It all becomes just a history. Nvidia has published the news regarding the discontinuing of its GPP. It was too little too fast for some people to be a part of it. It all began in March and ended before a couple of hours.
Nvidia has undoubtedly explained that most of the partners have agreed to the program, which doesn’t make any explanation regarding termination of the same. The clarification made by Nvidia has opened numerous rumors and insecure statements around the web.
As Nvidia claimed:
With GPP, we asked our partners to brand their products in a way that would be crystal clear. The choice of GPU greatly defines a gaming platform. So, the GPU brand should be clearly transparent – no substitute GPUs hidden behind a pile of techno-jargon.
Most partners agreed. They own their brands and GPP didn’t change that. They decide how they want to convey their product promise to gamers. Still, today we are pulling the plug on GPP to avoid any distraction from the super exciting work we’re doing to bring amazing advances to PC gaming.
On the other side of the Nvidia’s story, being unable to sell AMD GPUs under the ASUS ROG branding pushed ASUS to create a new gaming brand AREZ to be able to sell their graphics cards.
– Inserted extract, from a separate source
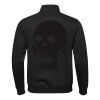 Herren Sweatjacke "Authentic" Miniaturansicht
The only guilt for that occurrence could be found in Nvidia. Looking at the bright side, this is a winning situation for all the gamers across the globe. However, the central question becomes simple and involves the outcome of the orphaned branding. In numerous times, AMD accused Nvidia of their bad competitive and marketing practice on the market, leading to nothing but an escalation. Followed by the gamers across the world, it was already announcing a recognition of this current situation.
It feels like Nvidia has done the right job by pulling the plug since this way of marketing was flagged for unsuccessful and rubbish. All of a sudden, it seems like the GPP was the only reason that was choking Nvidia’s work. Well, worry not, since AMD has a lot more room to feel more confident now, at least when it comes to sales. The simple cancellation of the program adds that there’s something fishy about it, right?